La Journée de la gastronomie durable souligne la nécessité de porter l’attention sur le rôle que peut jouer la gastronomie durable. Elle sert aussi à réaffirmer que toutes les cultures et les civilisations sont des contributeurs et des éléments catalyseurs importants du développement durable.

En adoptant le 21 décembre 2016 sa résolution A / RES / 71/246, l’Assemblée générale des Nations unies a désigné le 18 juin comme la journée internationale de la gastronomie durable.

La décision reconnaît la gastronomie comme une expression culturelle liée à la diversité naturelle et culturelle du monde.

La gastronomie durable peut jouer un rôle en raison de ses liens avec trois dimensions du développement durable, envers la réalisation des Objectifs du développement durable là où elle promeut :

Le développement agricole ;
La sécurité alimentaire ;
La nutrition ;
La production alimentaire durable ; et
La conservation de la biodiversité.

Etiquetage d’origine des aliments :
Il est favorable pour les zones rurales de lier les produits alimentaires à leurs lieux d’origine pour des raisons économique et sociale car ceci promeut le développement durable, avec une valeur commerciale annuelle de plus de 50 milliards de dollars dans le monde. Tels produits possèdent des caractéristiques, qualités ou réputations spécifiques qui prennent racine de leurs origines géographiques.

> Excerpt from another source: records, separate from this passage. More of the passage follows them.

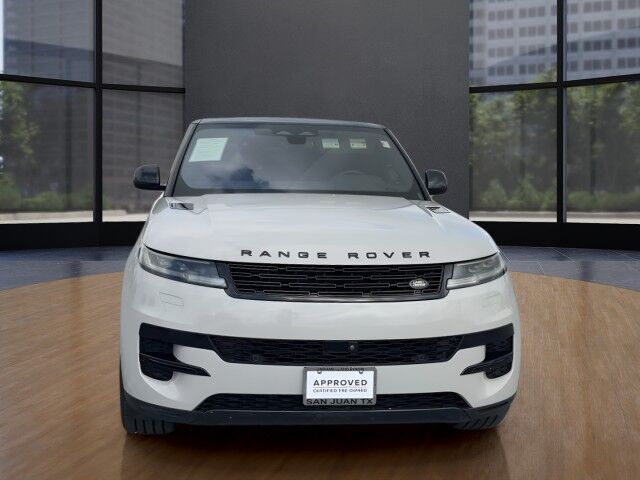 2023 Land Rover Range Rover Sport SE San Juan TX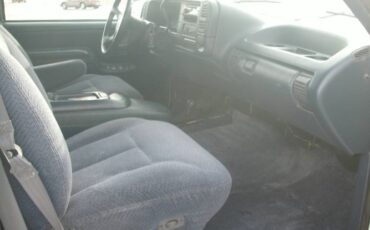 Gmc-Yukon-1995-White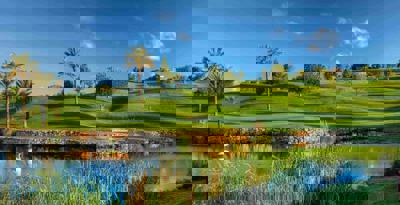 Foto Pestana Golf en Resort Carvoeiro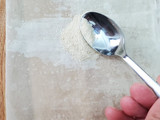 Scrigni di mele e pere con pasta fillo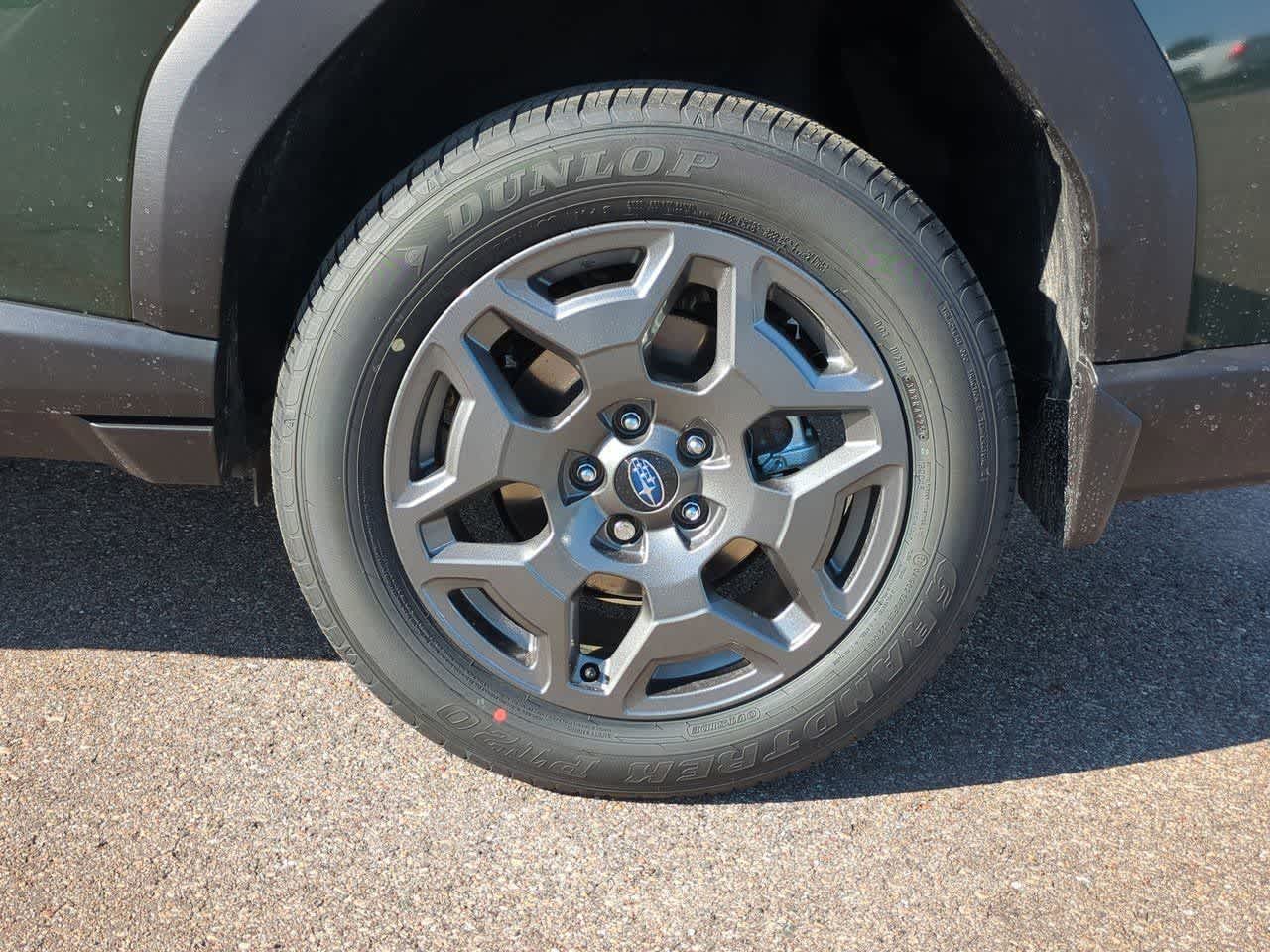 Thumbnail: 2026 Subaru Outback - 13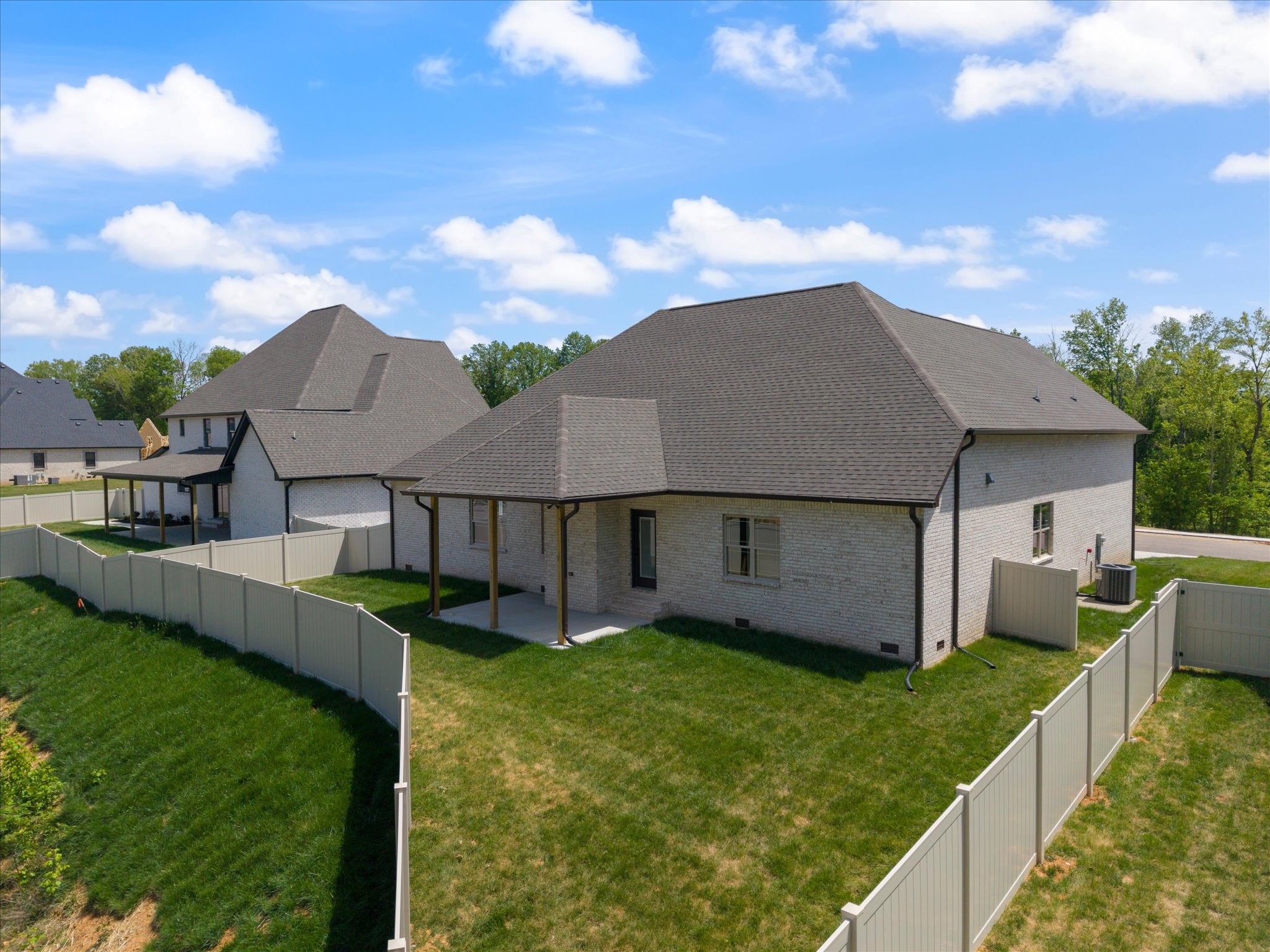 390 Young Lane Pleasant View, TN 37146 - Photo 58 of 59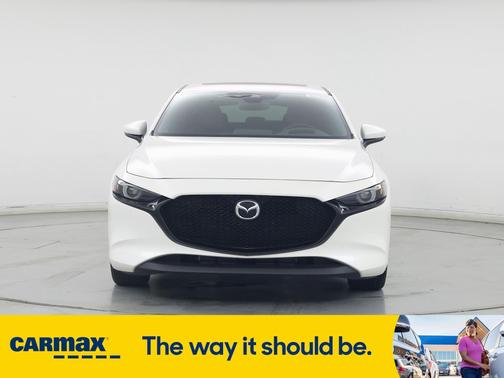 2023 Mazda Mazda3 2.5 S Premium Package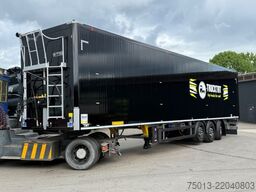  TMT 92 cbm, Lift- u Lenkachse, Schutzplane links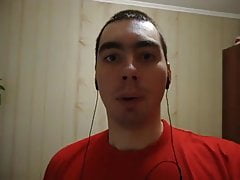 The guy made a video for the girl and it got on the Internet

L’enquête intitulée le Renforcement des systèmes alimentaires durables par le biais des indications géographiques de la FAO et de la Banque européenne pour la reconstruction et le développement (BERD) analyse l’impact économique du dépôt de l’indication géographique en neuf cas d’étude :

Le café (La Colombie)
Le thé Darjeeling (l’Inde)
Le chou Futog (La Serbie)
Le café Kona (Les États-Unis)
Le fromage Manchego (l’Espagne)
Le piment Penja (Le Cameroun)
Le safran Taliouine (Le Maroc)
Le fromage tête de Moine (La Suisse)
Le vin Vale dos Vinhedos (Le Brésil)

Le dépôt de produits liés à leurs lieux d’origine a des implications beaucoup plus profondes que les seuls gains économiques. Les producteurs et les processeurs locaux qui sont chargés du processus du dépôt aident à assurer des meilleures inclusion et l’efficacité du système alimentaire. Les producteurs développent en collaboration les spécifications du produit et promeuvent et protègent l’étiquette d’origine. La création de telles étiquettes stimule également le dialogue entre les secteurs public et privé puisque les autorités gouvernementales sont souvent étroitement associées aux processus du dépôt et de la certification.